Note: While reasonable measures have been taken to ensure the quality and accuracy of the information contained in this Fact Sheet, it does not change any legal requirements under the Gambling Act 2003 or the Racing Act 2003 or any other provisions under these Acts. This Fact Sheet is for general information only and is not a substitute for independent, professional legal or financial advice.

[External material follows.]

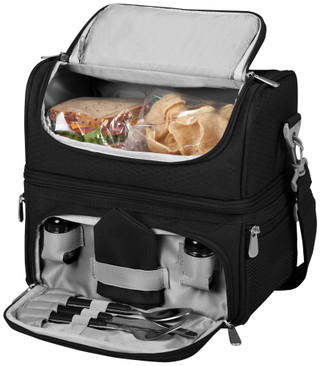Thumbnail 14: Oniva Oniva Disney Mickey Mouse Pranzo Lunch Tote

What is a sales promotion?

A sales promotion is a way that businesses may promote their goods or services. The business may be creating, distributing and/or selling the goods or services it wishes to promote.

A sales promotion
A chocolate manufacturer wishes to promote its brand of chocolate. It decides to run a promotion where the customer buys a chocolate bar at the normal price, then fills out a form to go into a draw, with the prize being a trip to London.

Sales promotions are governed under the Gambling Act to ensure that businesses do not make any commercial gain from the sales promotion, other than through the normal trading of goods and services.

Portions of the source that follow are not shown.